Capitalizing on innovation
Greatbatch and Lake Region Medical each had histories of innovation dating back to the founding story of Medtronic, the world’s largest medical device OEM.Joseph Fleischhacker Sr. made fishing lures when he started Lake Region in the 1940s as a backyard side business outside Minneapolis; his connections with Medtronic co-founder Earl Bakken had him making all of Medtronic’s pacemaker leads by the 1960s, according to a 2014 article in the Star Tribune of Minneapolis. Medtronic got into the implantable pacemaker business in the early ‘60s after Bakken’s brother-in-law and co-founder Palmer Hermundslie flew his own airplane to Buffalo to meet with electrical engineer Wilson Greatbatch and Dr. William Chardack. Hermundslie negotiated Medtronic’s exclusive rights to produce and market the Chardack-Greatbatch implantable pulse generator; Greatbatch launched his own venture in 1970 to produce cutting-edge pacemaker batteries.
Fast-forward about 50 years, and the combined Integer has the capability to be a major partner with OEMs developing some of the newest and most exciting innovations in the medical device space.
Take transcatheter heart valves as an example. Analysts predict transcatheter aortic valve replacement technologies will be a $5 billion market by the 2020s, and medical device companies are spending hundreds of millions of dollars to acquire transcatheter mitral valve replacement technology. For Integer, that’s an opportunity to unite Lake Region’s expertise in components and delivery guidewires with Greatbatch’s molding, catheter delivery system and steerable sheath capability.

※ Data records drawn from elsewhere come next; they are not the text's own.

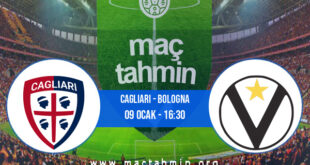 Cagliari - Bologna İddaa Analizi ve Tahmini 09 Ocak 2022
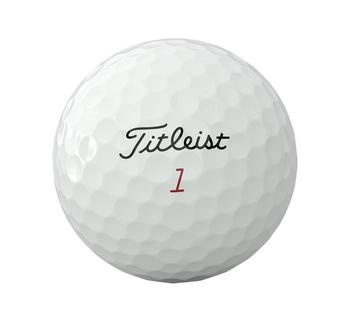  Titleist Pro V1x Left Dash 4 For 3 Golf Balls PlayNumber/Personalised - main image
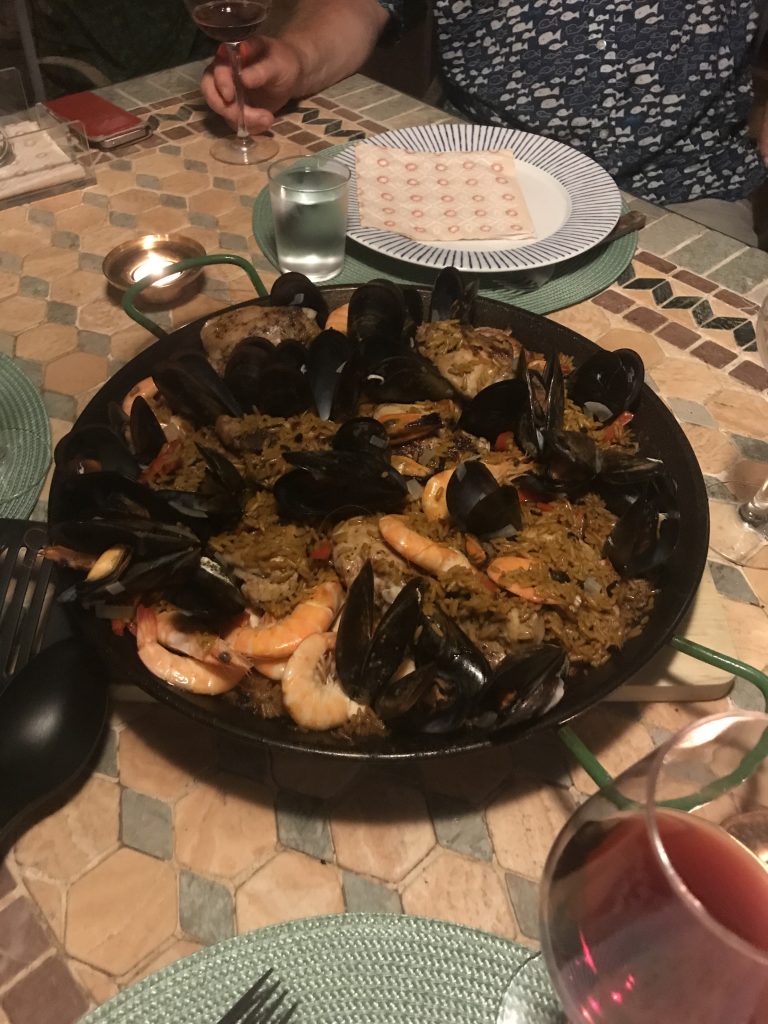Egen paella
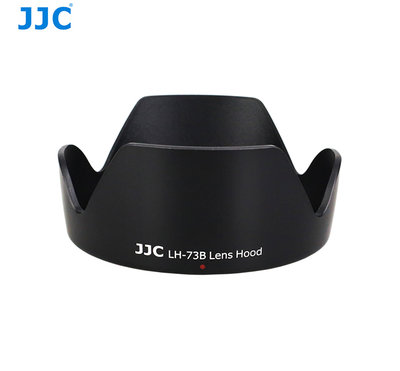 JJC Canon EW-73B 遮光罩 相容原廠 EW-73B 適佳能18-135/17-85 可反扣 蓮花罩 王冠攝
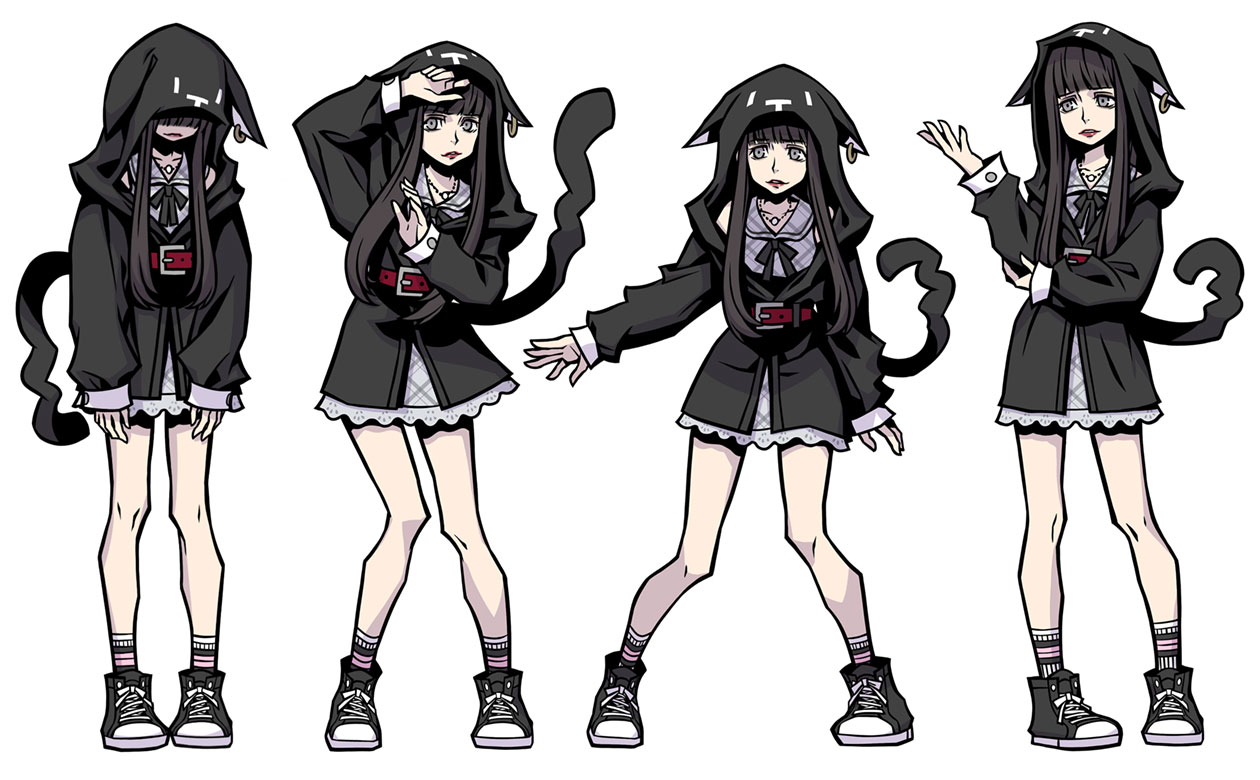 Shoka Art from Neo: The World Ends with You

“In effect, we now can basically develop and manufacture a full structural heart delivery system,” said COO Jeremy Friedman.
Another hot medical device area is neuromodulation – using pacemaker technology on the brain and nervous system to treat conditions ranging from Parkinson’s to back pain to obesity. Lake Region was focused on components and sub-assemblies such as headers, connectors, coils and cables; Greatbatch specialized in a different set of components and sub-assemblies, including batteries, enclosures, feedthroughs, shield assembly and leads – not to mention full systems.
“When we’re thinking about spinal cord stimulation or deep brain stimulation, again we can develop and manufacture the full system to the customer’s specifications, with required components and subassembly vertically integrated,” Friedman explained.
And, he added, Integer’s advanced surgical and orthopedics business can also play in another medical device field with a lot of buzz: robot-assisted surgery.